The contents of the manuscript, the words `Buy Milk,' are believed by many to be an experimental piece of poetry by Whitaker (Brooks). In particular, Howard Pretentious, esteemed literary critic, poet, and Editor-in-Chief of the Con City Times, says `there is technically no reason to rule out that C. Thomas Whitaker (born John Brooks) wrote poems comprising more than one word. Consider, also, that the man invented his own words late in his career. How else could he have done that if not by experimentation? I am firmly convinced that ``Buy Milk'' is an authentic poem by C. Thomas Whitaker (born John Brooks).'

The questionable authenticity of the manuscript aside, the discovery has put additional pressure on Greenwell Museum. The original One Word Poem manuscripts of Whitaker (Brooks), previously kept on display at the museum, are still missing after an as yet unidentified culprit stole them from the exhibit with the assistance of a bulldozer. Many fear that as long as the thief remains at large, the new manuscript is at risk of being stolen as well.

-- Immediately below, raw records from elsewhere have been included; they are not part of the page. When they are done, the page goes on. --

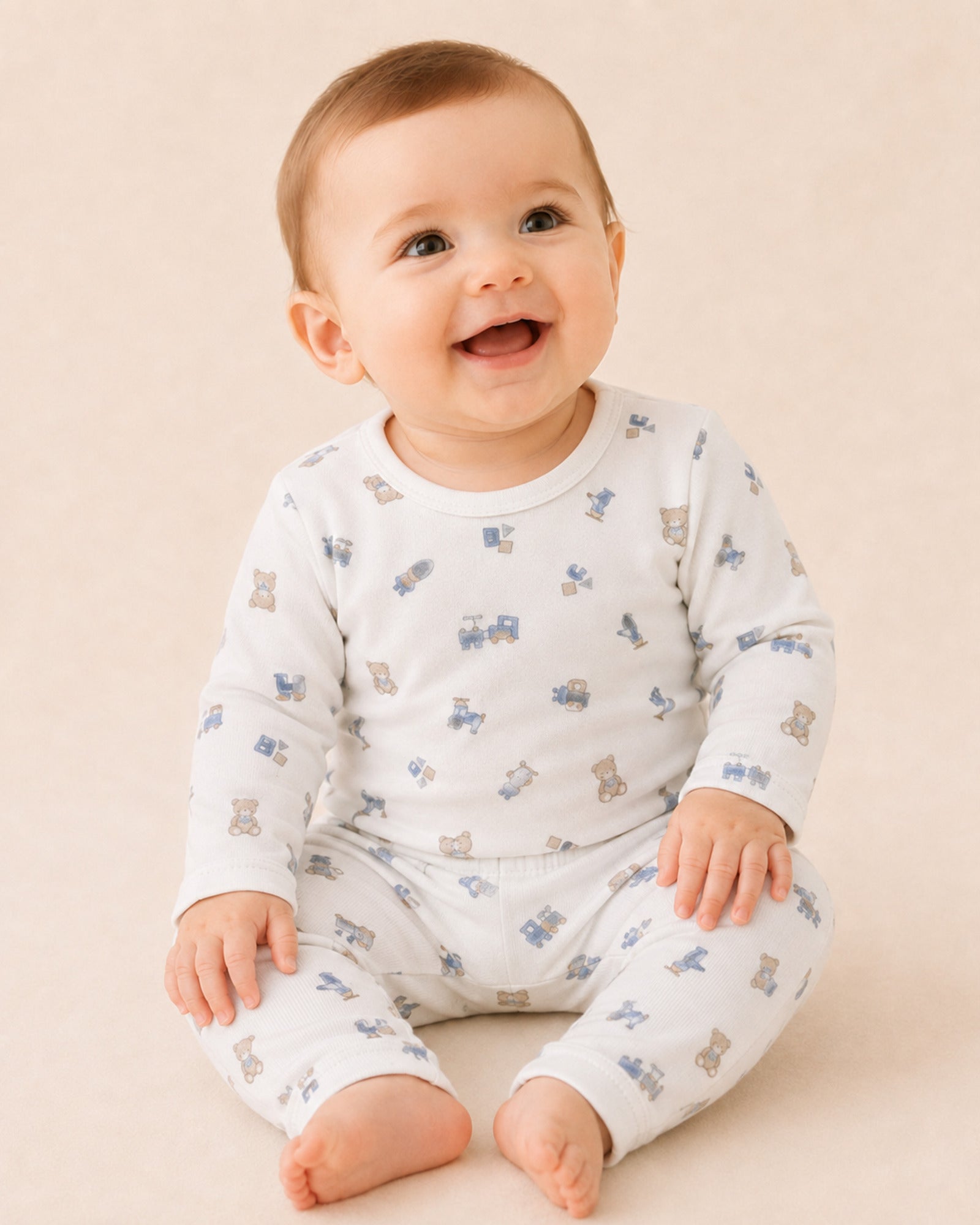 White baby two-piece set with teddy bear, train and toys print – infant model view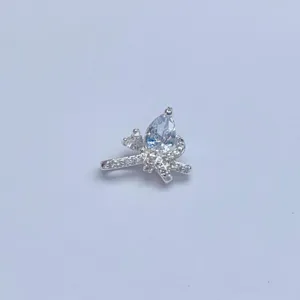 Detailaufnahme eines DIY silbernen Schleifen-Charms mit funkelnden Zirkoniasteinen für Armband.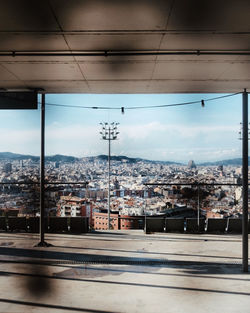 Cityscape against sky seen through glass window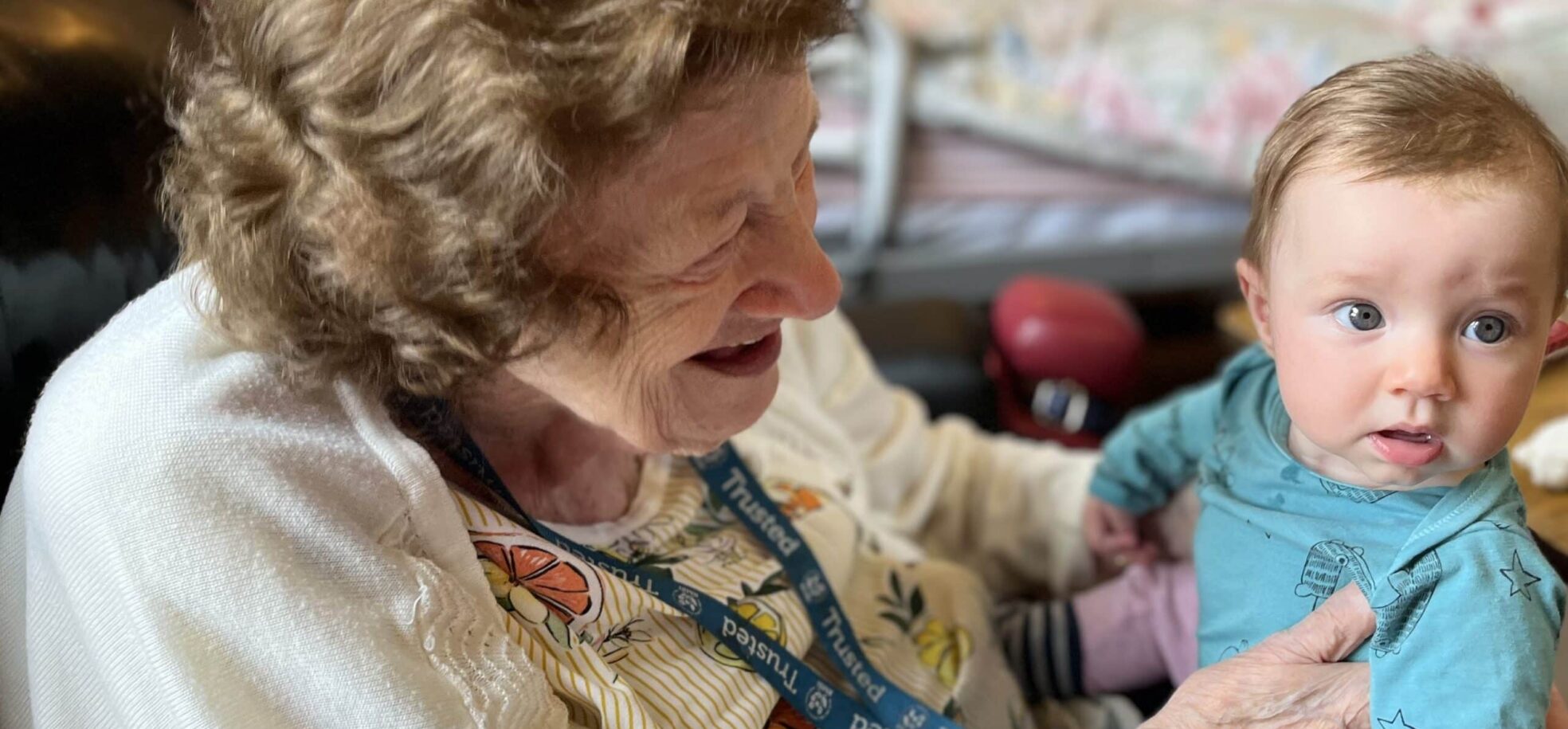 Resident Jean in a white top and a blue lanyard around her neck at RMBI Home Prince George Duke of Kent Court, in Chislehurst is delighted to meet and hold baby Polly wearing a blue top.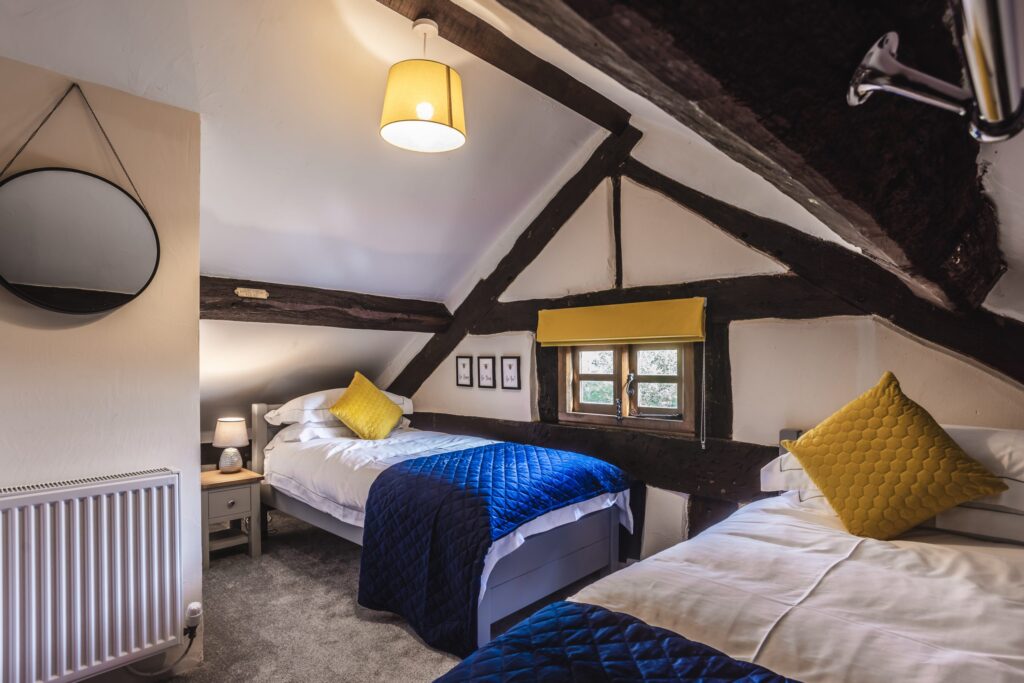 The bedrooms with pitched roof and oak beams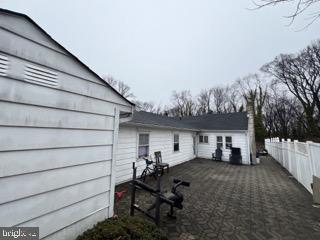 view of side of property featuring fence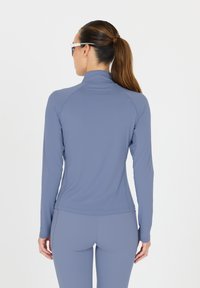 Langarm-Sportoberteil in Hellblau, aus glattem, dehnbarem Material. Mit hohem Kragen und figurbetontem Design mit Raglanärmeln.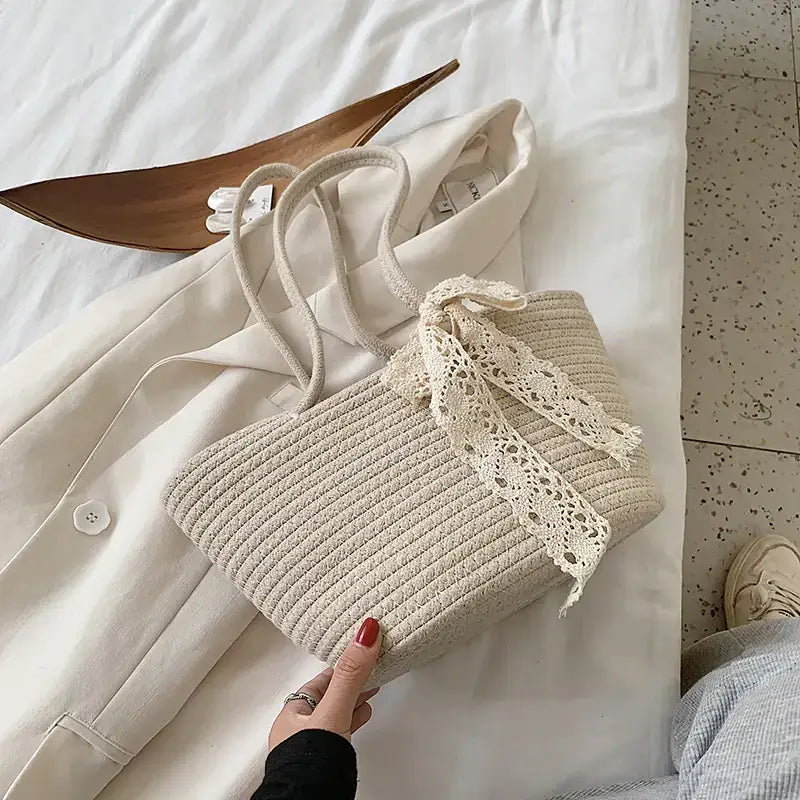 Beige woven straw tote bag with delicate cream lace bow and matching handles.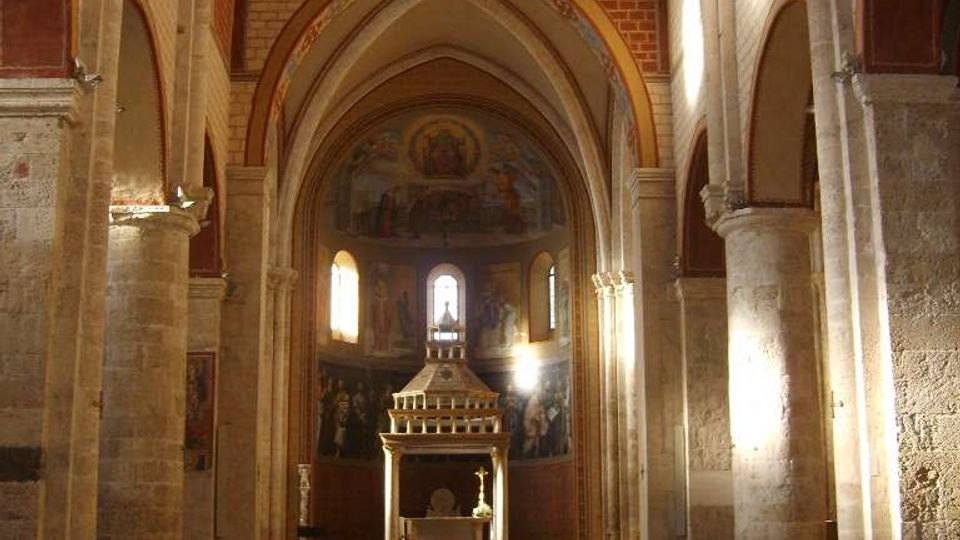 Interno di una chiesa in stile romanico-gotico con navata centrale, alte arcate in pietra e soffitto a capriate in legno. In fondo si vede l’altare sotto una struttura a baldacchino, affreschi sull’abside e file di sedie disposte lungo il pavimento decorato a motivi geometrici.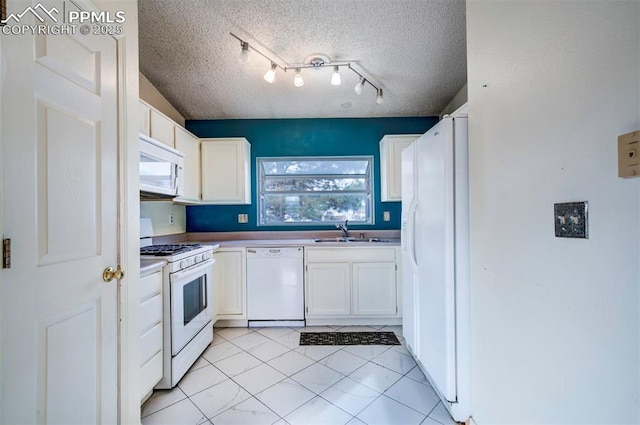 kitchen featuring white cabinets, a textured ceiling, white appliances, and sink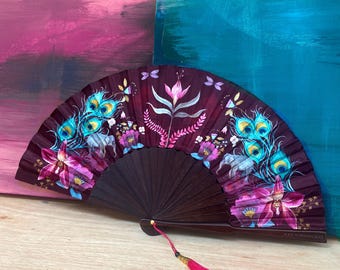 Può includere: Ventaglio decorativo con cornice in legno marrone scuro. Il ventaglio presenta un motivo floreale e di piume di pavone nei toni del rosa, del verde acqua e del viola. Un nappa rosa brillante pende dalla base del ventaglio.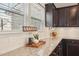 Close up view of kitchen countertop featuring granite counter, subway tile, and white cabinets at 912 Ambergate Sta, Apex, NC 27502
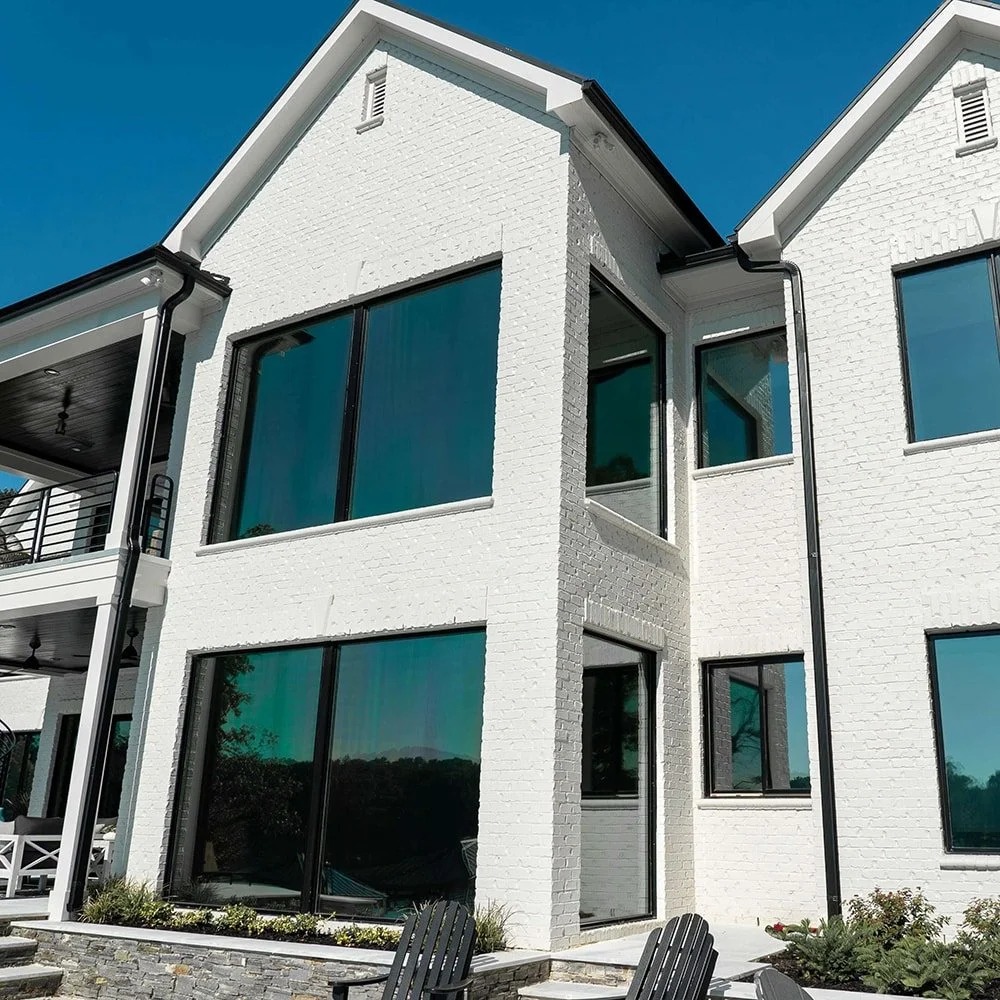 A modern white brick house with large glass windows under a clear blue sky.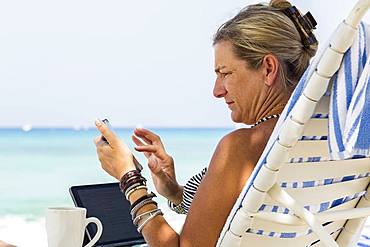 Adult woman executive using smart phone on the beach, Grand Cayman, Cayman Islands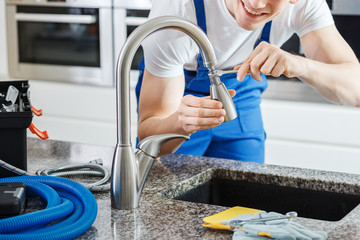 Smiling plumber fixing faucet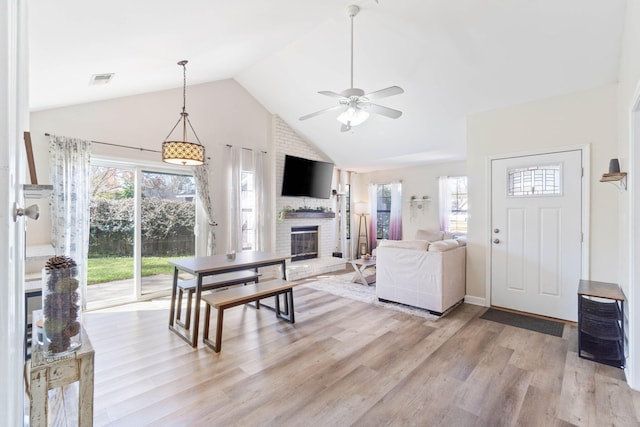 living area featuring ceiling fan, light wood-style floors, a fireplace, and a healthy amount of sunlight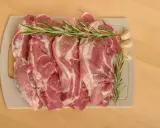 Surowe kawałki wieprzowiny z rozmarynem i czosnkiem, idealne jako jakie mięso do bigosu.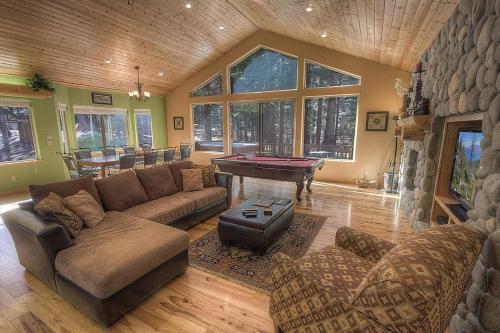 a living room with a couch and a pool table at COH1669 - Hawk's View Hideaway home in South Lake Tahoe
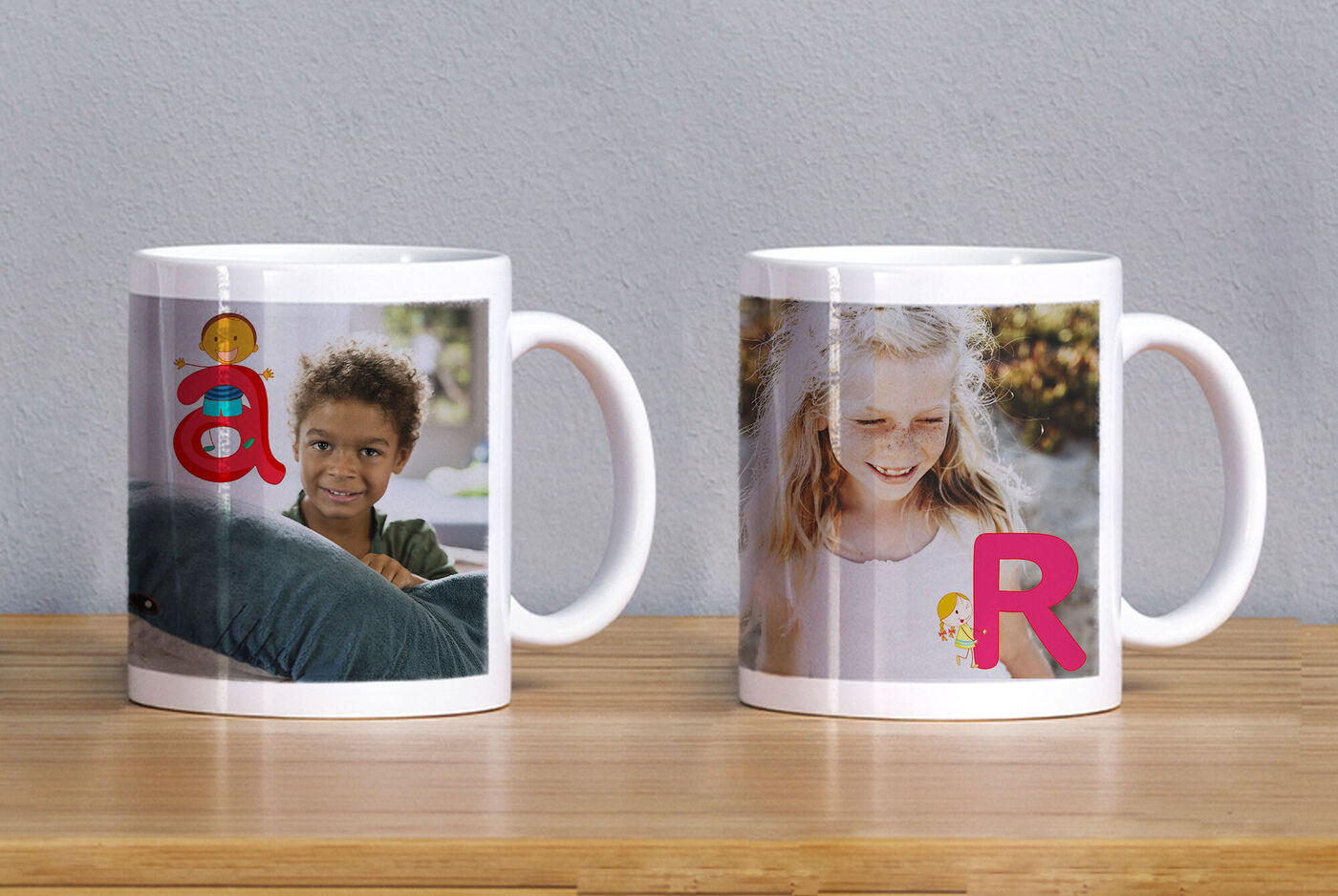 Two lovingly designed mugs with colorful letters and photos.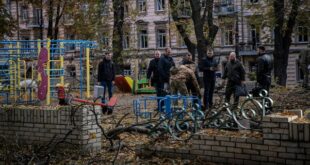 Emergency service personnel attend to the site of a blast next to a childrens playground in a park on October 10, 2022 in Kyiv, Ukraine. This morning's explosions, which came shortly after 8:00 local time, were the largest such attacks in the capital in months. (Photo by Ed Ram/Getty Images)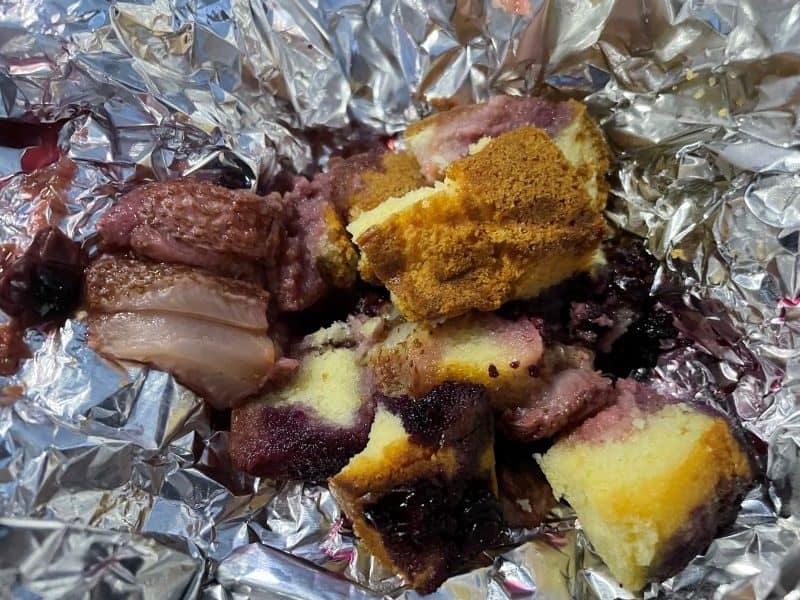 cubes of cake and fruit cooked in aluminum foil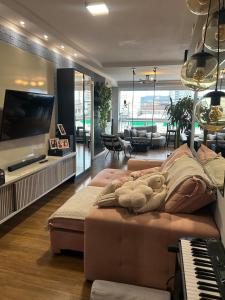 a living room with a couch and a piano at Apartamento Alto Padrão in Porto Belo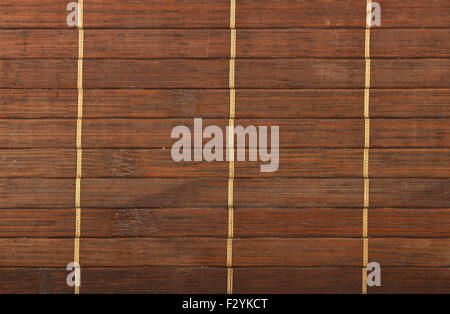 Bamboo wooden dark brown used wicker braided mat with light yellow thread background Stock Photo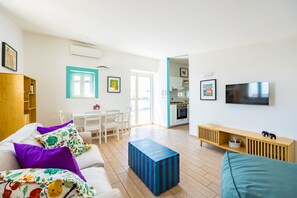 A modern living room with a sofa, a coffee table, and a TV. There is a kitchen in the background with a dining area. - Viewsuvio Two Apartments & Terraces (Naples)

`The Curator has asked us to provide 24/7 police protection,' says Detective Malcolm Shepard of Greenwell Police. `We are happy to oblige. Chief Woods is an avid fan of Whitaker (Brooks). He's got the poem ``Now'' framed and hung on the wall in his office.'

In addition to the eight police officers who now patrol the museum grounds all day, every day, Detective Shepard has installed infrared motion sensors throughout the museum and surrounded the display case with electrified barbed wire.

`Yes, I am very happy with the Detective's work,' says Curator Lawrence Curtis. `Unlike that other one, what's her name, Detective Rhodes. She's supposed to be one of the best on the force, so why hasn't she caught the thief yet? I'll tell you why, because she's an illiterate barbarian who doesn't appreciate art. If she were as enthusiastic as the Chief of Police and Detective Shepard are, she'd have found the missing manuscripts long ago.'

Detective Eve Rhodes offers a brief two-sentence comment to the Curator's words: `I'm glad he's happy with Shepard. It lets me focus on real police work.'

While the manuscript appears to be in good hands, fans continue to debate its authenticity on social media. Comments such as `Whitaker (Brooks) would never write an extra word' wage war with opinions such as `a revolutionary poet like Whitaker (Brooks) can write as many words as he wants, possibly even three.' The latter statement in particular has sparked a heated debate spanning over fifty thousand comments and counting, with the heavy use of phrases such as `preposterous suggestion,' `let's stone this heathen,' and `you're full of shit, bro.'

Tensions are in fact running so high that some fear the fans of Whitaker (Brooks) will soon come to blows in the streets of Greenwell, sparking a riot the likes of which could only be seen in Brickton. To get ahead of the violence, Detective Malcolm Shepard offers a simple solution to the heated dilemma.

`Why don't we just use a hyphen and write it as ``Buy-milk?'' ' he says. `Then it's just one word and automatically a One Word Poem.'

Since hearing this suggestion, Curator Lawrence Curtis is actively requesting the Chief of Police to hand the duties of guarding the new manuscript over to Detective Rhodes.